Caption-style text data

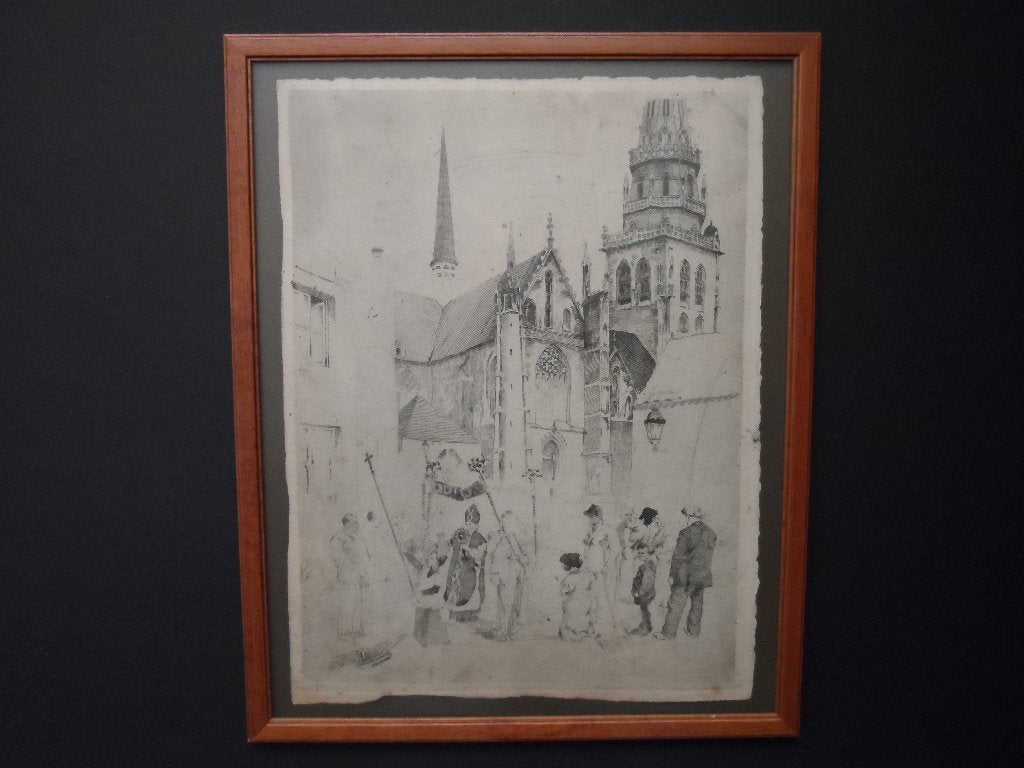 Gedetailleerde tekening kerkuitgang Bisschop met monstrans, Antiek en Kunst, Ophalen of Verzenden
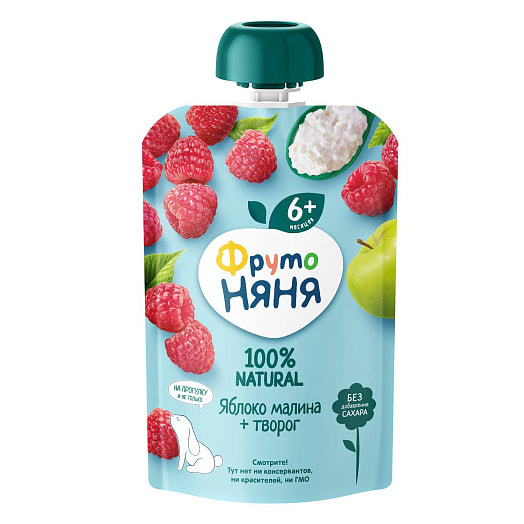 Пюре ФрутоНяня из яблок и малины с творогом 90мл дой-пак для дет/пит. ФрутоНяня Россия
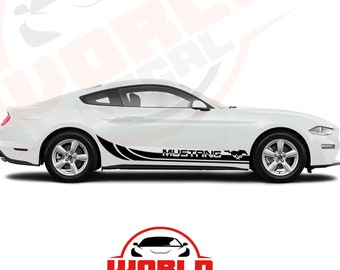 Ford Mustang Pony Rocker Side Stripes Graphics Decals - Includes Both Side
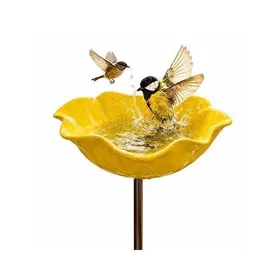 Meilleurs prix pour Mangeoire à Oiseaux Forme Fleur Jaune - Bac à Eau pour Jardin - Ø 15 cm H 65 cm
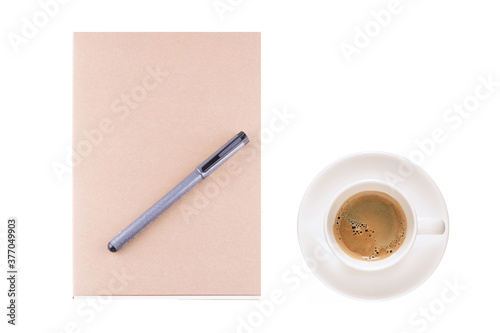 Vintage diary book and coffee cup on white background, for writing,reading and education concept
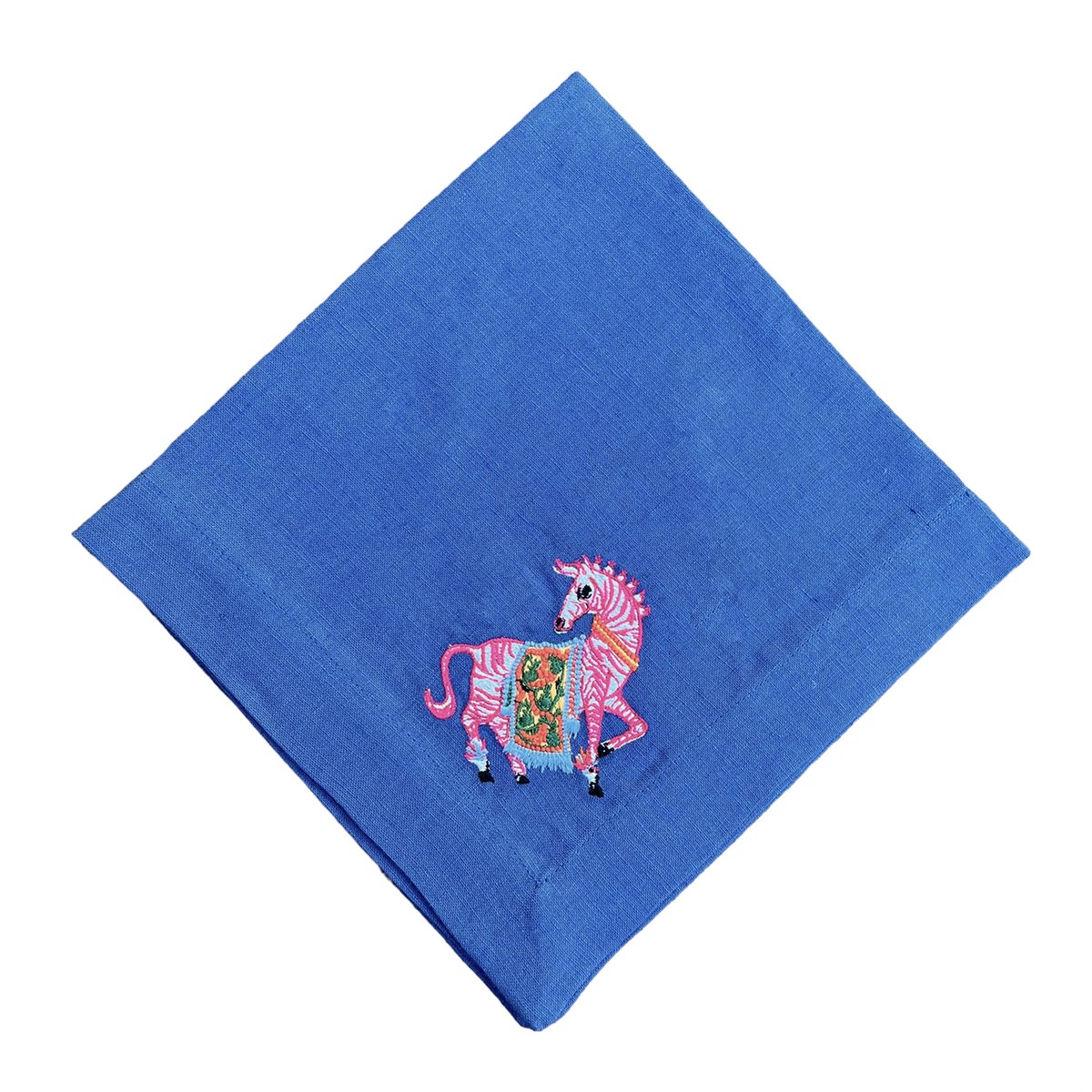 Animal Serisi Dekoratif Pembe Zebra Desenli Lacivert Servis Peçetesi ( 1 Adet )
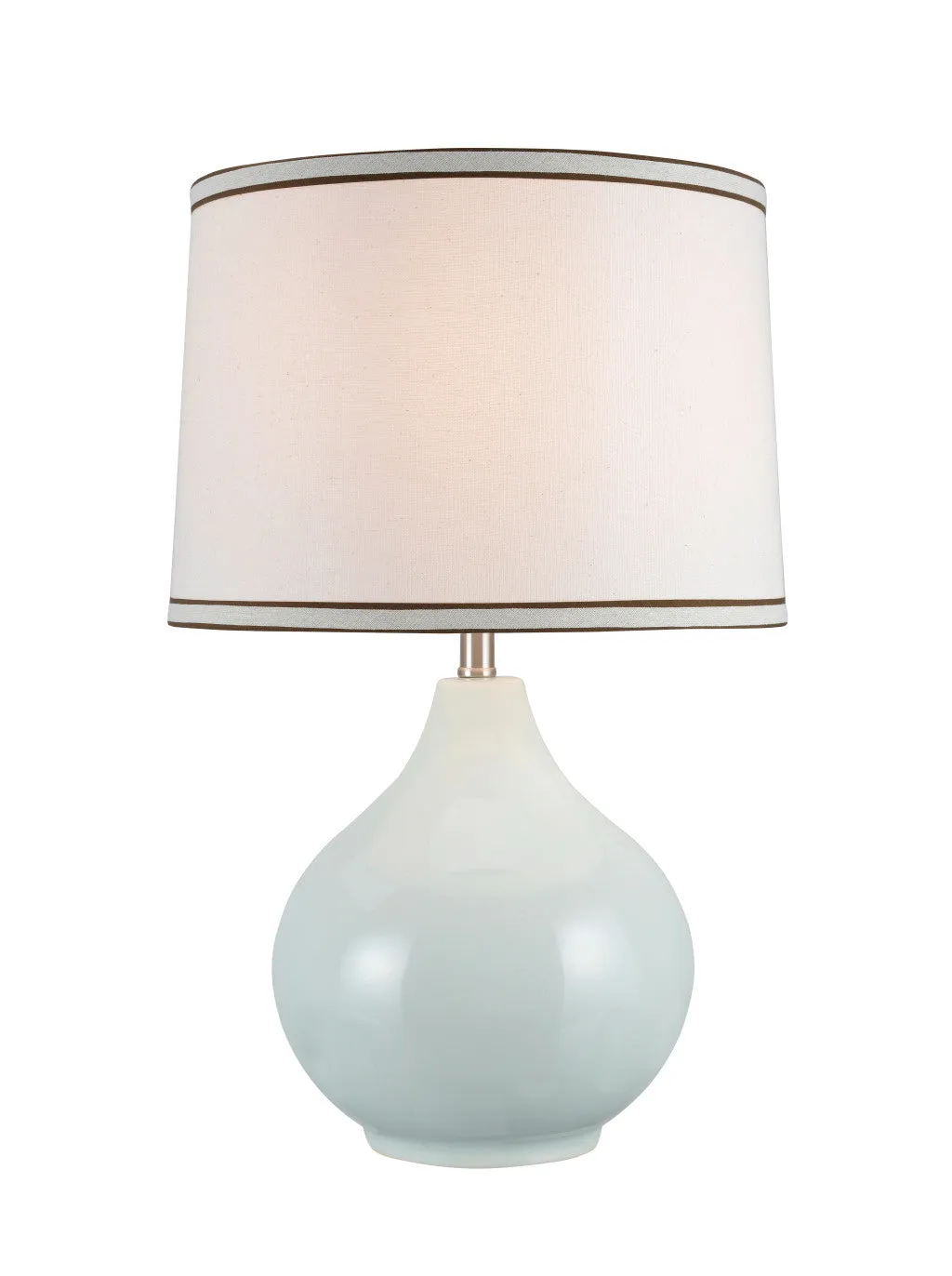 # 40062-1, 21" High Traditional Ceramic Table Lamp, Pale Sea Green Finish with Hardback Empire Shaped Lamp Shade in Off White, 13" Wide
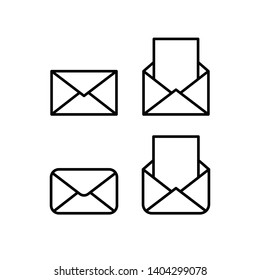 Iconos lineales de correo, sobres abiertos y cerrados, símbolo de correo electrónico. 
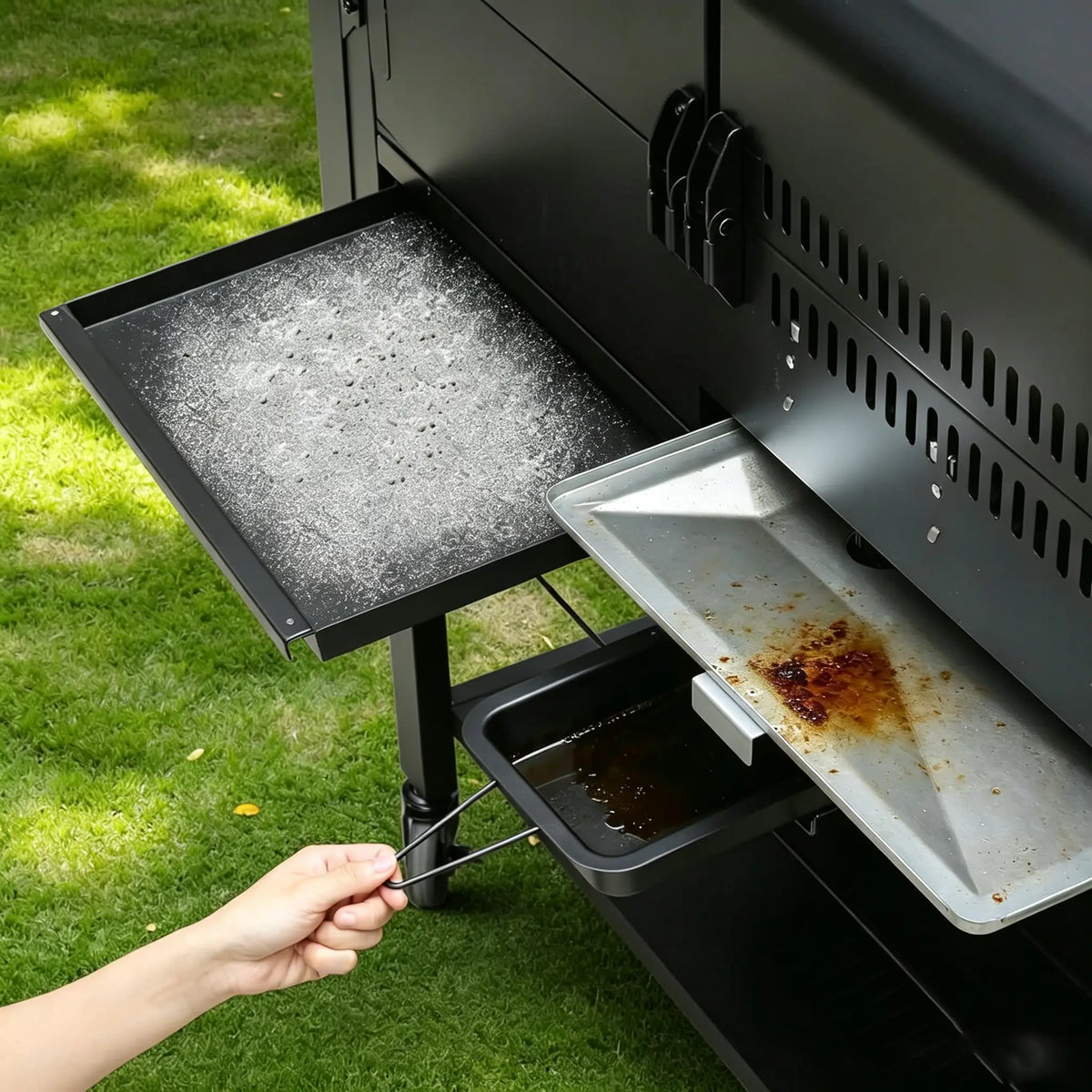 Brandman Heavy-Duty 3 Burner Gas & Charcoal Combo Grill, Dual Zone Outdoor Grill with Dual Independent Lids, Warming Racks and Side Prep Tables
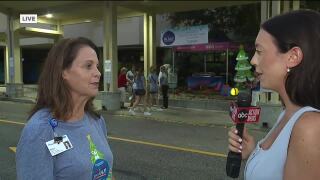 Keely at backpack giveaway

◆ **To do**: Write out each line of the data above exactly, starting at the top and finishing with the line containing "Ford Mustang Pony"; omit the pictures.

◆ **Answer space**:
 Gedetailleerde tekening kerkuitgang Bisschop met monstrans, Antiek en Kunst, Ophalen of Verzenden
 Пюре ФрутоНяня из яблок и малины с творогом 90мл дой-пак для дет/пит. ФрутоНяня Россия
 Ford Mustang Pony Rocker Side Stripes Graphics Decals - Includes Both Side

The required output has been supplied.